10. What’s the protocol for that sort of thing, anyway? Do you defend the Canadian position first, and then the secessionist position? Or do you give the PQ line first, and then conclude by saying, “But if you guys don’t go for that sort of thing, here’s what my English-Canadian dominators want me to say”? Or is it a kind of alternating-paragraph thing, maybe with little blue and red flag props to make sure nobody loses track?
11. When will the government of Canada, if I may use that term loosely, explain any of this to the citizens of Canada?
Bottom line: either Quebec needs separate representation or it doesn’t. I find the idea that Quebec needs separate representation silly but tolerable. But simple logic holds that if Canada cannot speak for Quebec, then Quebec cannot speak for Canada. I did not believe I would ever have to explain this to my government.

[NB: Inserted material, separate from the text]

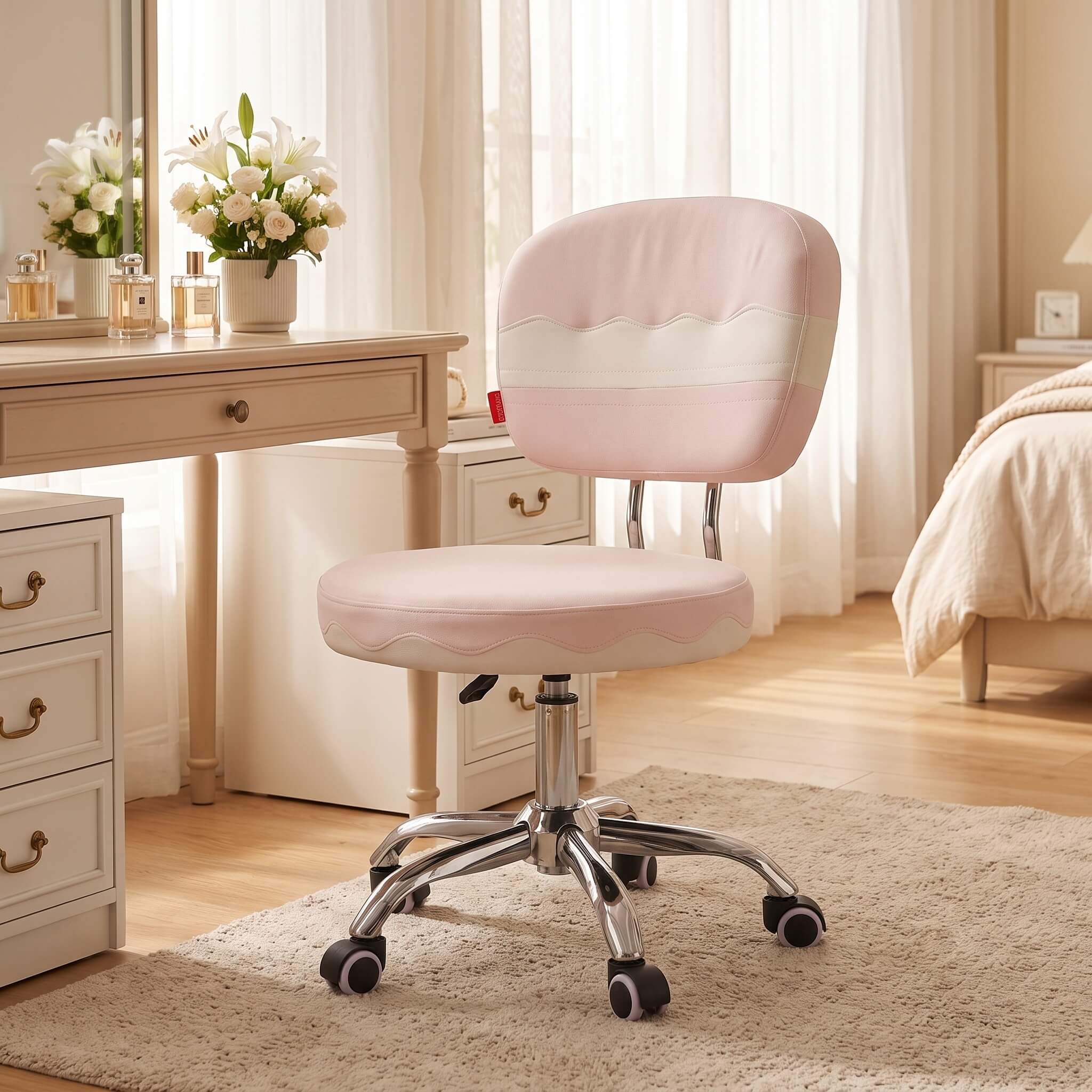 Adjustable height pink vanity chair in front of vanity table
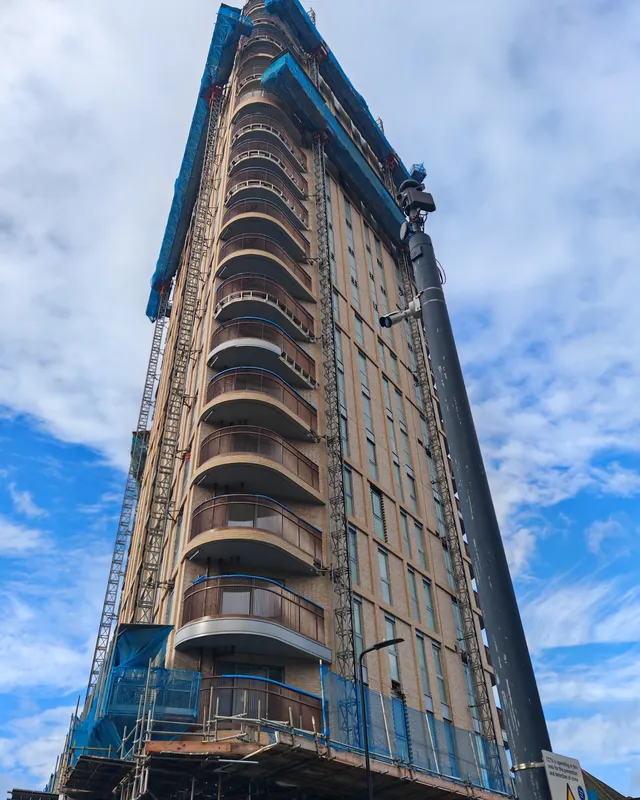 Tall London building in scaffolding with a crane on top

Right. So now that Mr. Wells has kindly explained it to us, I think we need to get an explanation from Mr. Martin, who is apparently our Prime Minister. I am simply going to print out Wells’ post and mail it, under a cover letter, to “Liza”, Paul Martin, and my home MP, demanding an explanation.
Some suggestions: Don’t send email. In my experience, you are much more likely to get a response if you send either a fax or a letter. Remember, mail may be sent postage-free to any Member at the following address:
House of Commons
Parliament Buildings
Ottawa, Ontario
K1A 0A6
Here is a link to an alphabetical list of all MPs. You can also search by party and by location. They all have clickable links to their addresses etc.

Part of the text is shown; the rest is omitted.